Unsupervised Pre-training for Biomedical Question Answering
This work addresses the challenge of enhancing QA accuracy in the biomedical domain, though it is incremental as it builds on existing pre-training methods.
The authors tackled the problem of improving biomedical question answering by introducing a new unsupervised pre-training task that corrupts context by replacing biomedical entities, which boosted BioBERT's performance and outperformed the previous best model in the BioASQ challenge.
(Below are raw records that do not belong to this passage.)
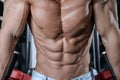 Close up strong abs guy showing in the gym muscles Royalty Free Stock Photo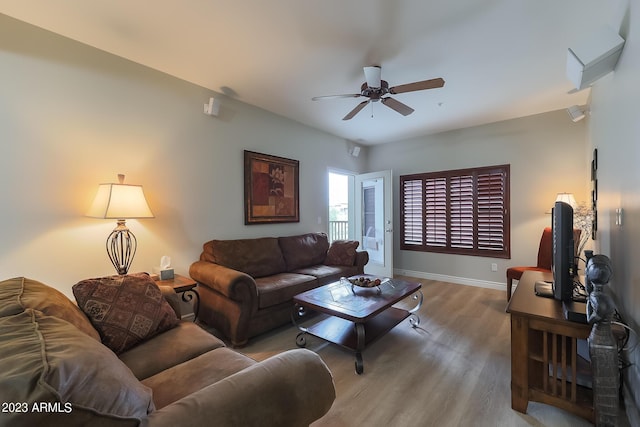 living room with light hardwood / wood-style floors and ceiling fan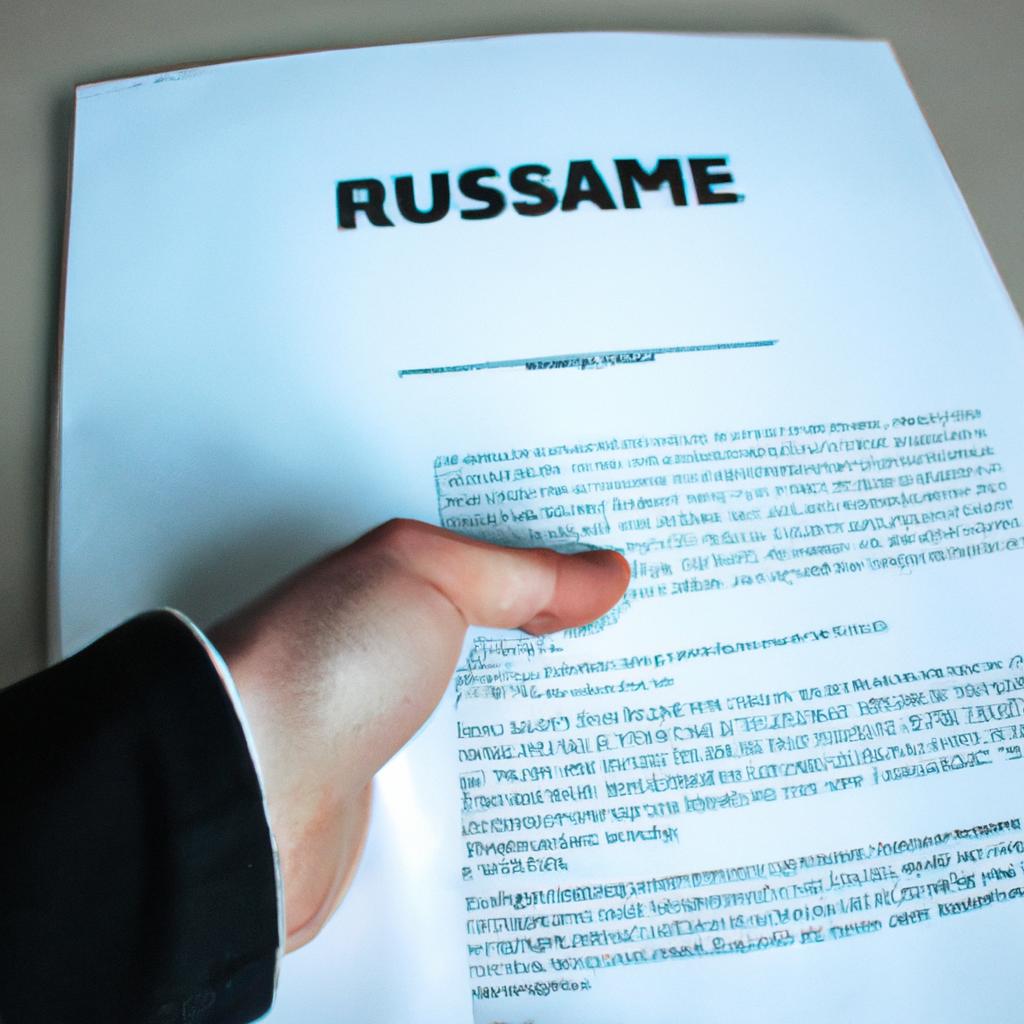 Person holding resume, shaking hands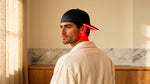 Man wearing RadianceCap with soft red glow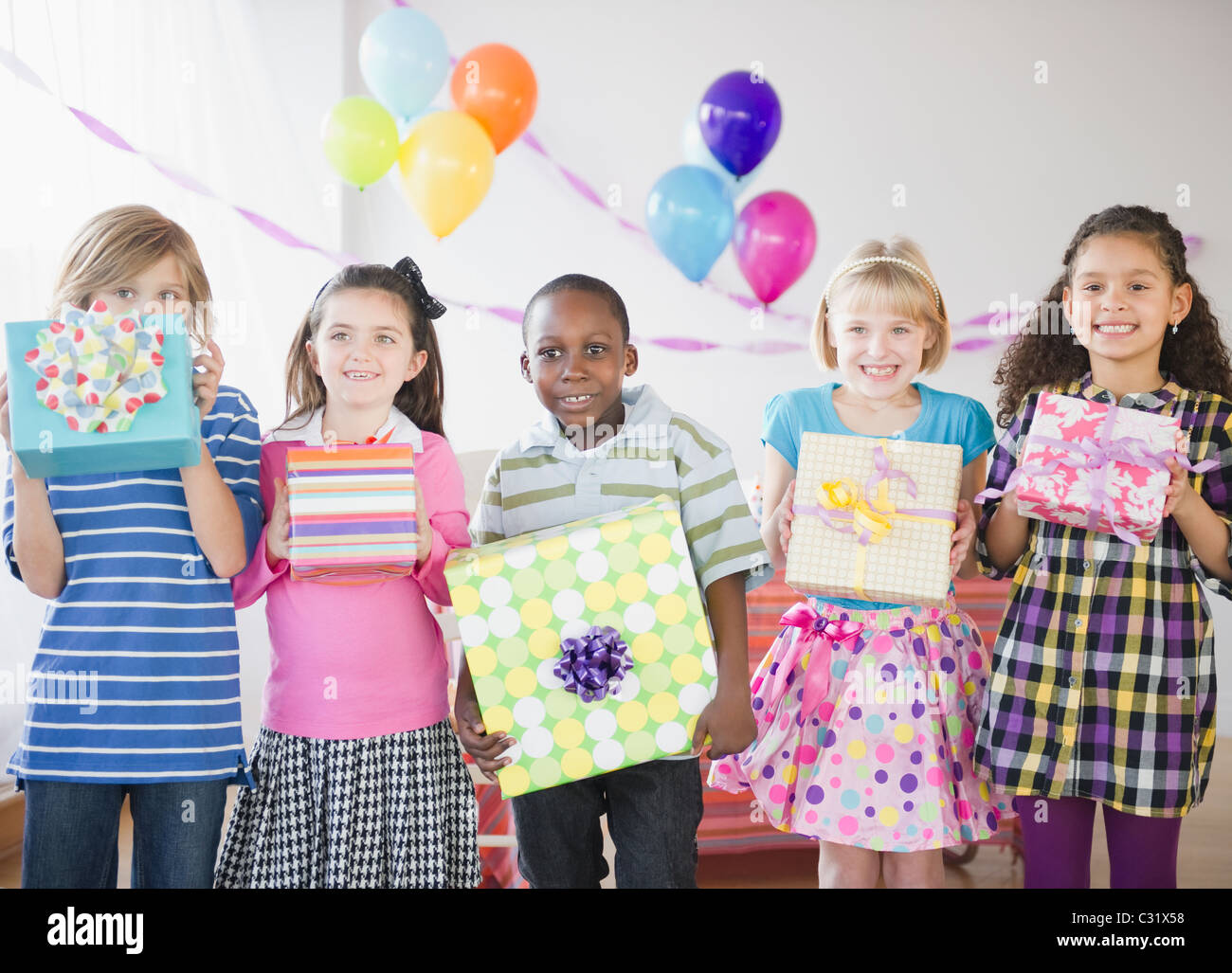 Children at birthday party holding gifts Stock Photo - Alamy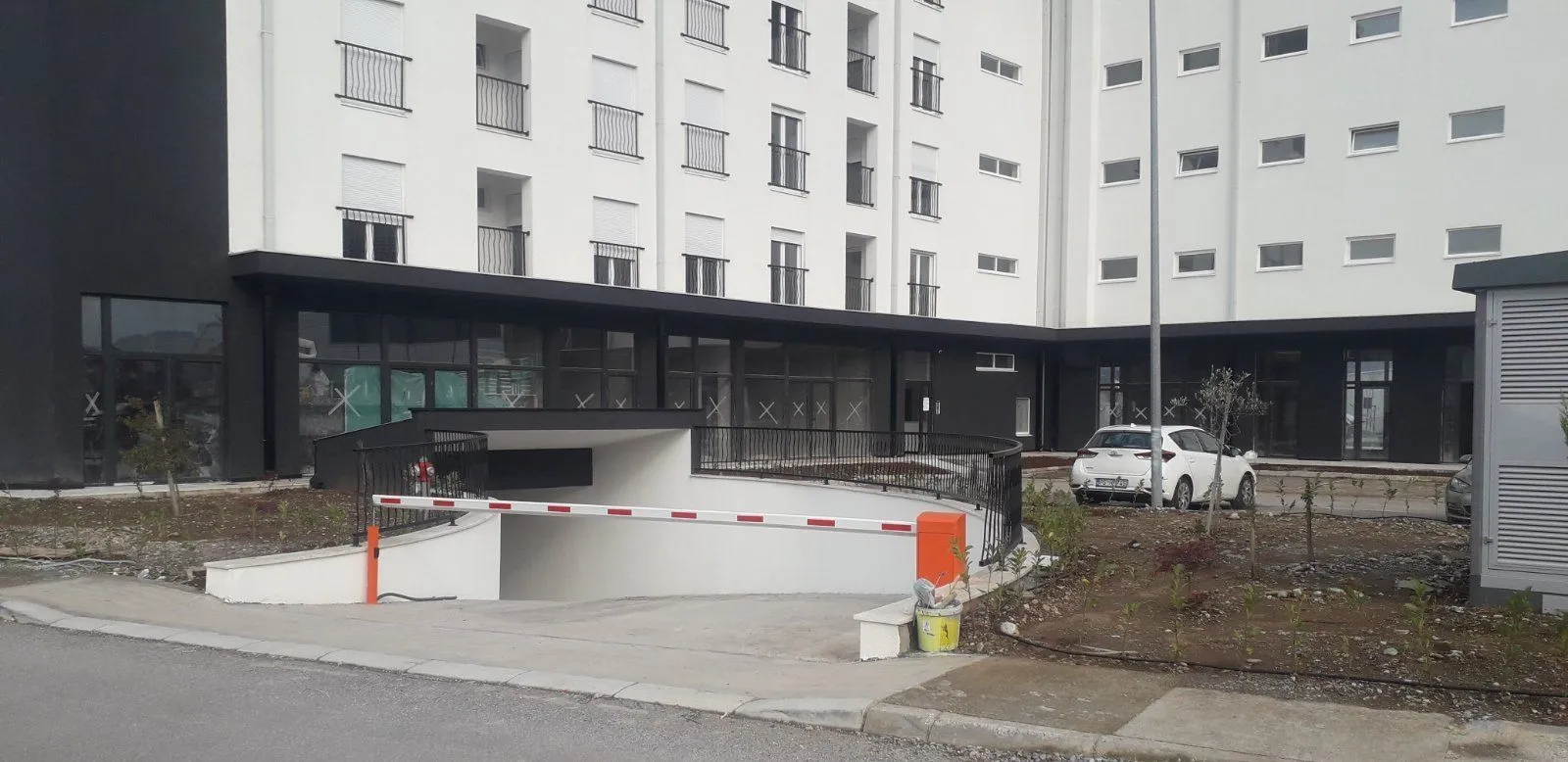 Eksterijer nove stambene zgrade sa prilazom podzemnoj garaži.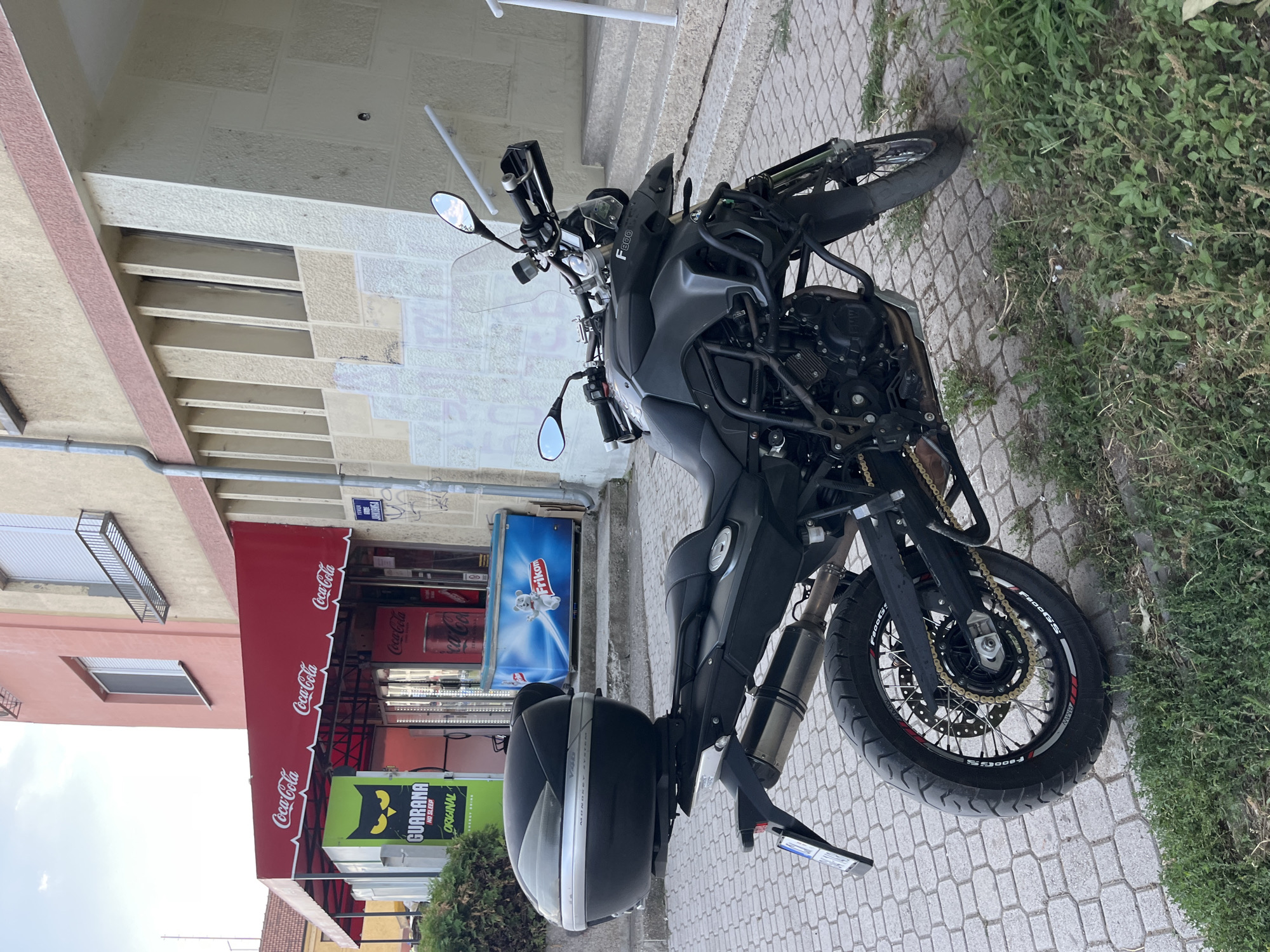 A black BMW F800GS motorcycle is parked on a cobblestone sidewalk in front of a building with a red awning. The awning has "Coca-Cola" logos. To the left of the awning, there is a green sign with a black cat silhouette and "Guarana Original" text. To the right of the awning, there is a blue Frikko branded freezer. The motorcycle has a black top case and a metallic exhaust pipe. The background shows the facade of the building with windows and decorative elements. A street sign that reads "Pula-Danilovgrad" is visible on the right side of the image. The environment appears to be an urban setting in Cacak, Serbia.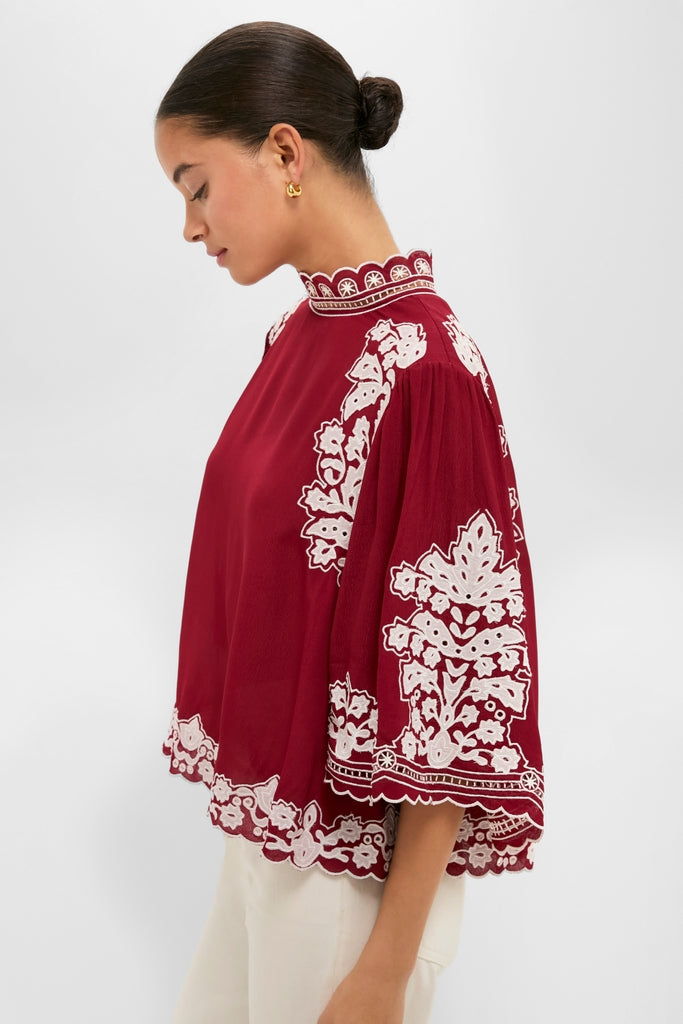 Woman in profile wearing the Burgundy Bicolor Palm Tree Embroidery Blouse, featuring a high-neck, loose fit, scalloped edges, and white floral details, paired with light pants for an effortless, classic look.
We explore the suitability of unsupervised representation learning methods on biomedical text -- BioBERT, SciBERT, and BioSentVec -- for biomedical question answering. To further improve unsupervised representations for biomedical QA, we introduce a new pre-training task from unlabeled data designed to reason about biomedical entities in the context. Our pre-training method consists of corrupting a given context by randomly replacing some mention of a biomedical entity with a random entity mention and then querying the model with the correct entity mention in order to locate the corrupted part of the context. This de-noising task enables the model to learn good representations from abundant, unlabeled biomedical text that helps QA tasks and minimizes the train-test mismatch between the pre-training task and the downstream QA tasks by requiring the model to predict spans. Our experiments show that pre-training BioBERT on the proposed pre-training task significantly boosts performance and outperforms the previous best model from the 7th BioASQ Task 7b-Phase B challenge.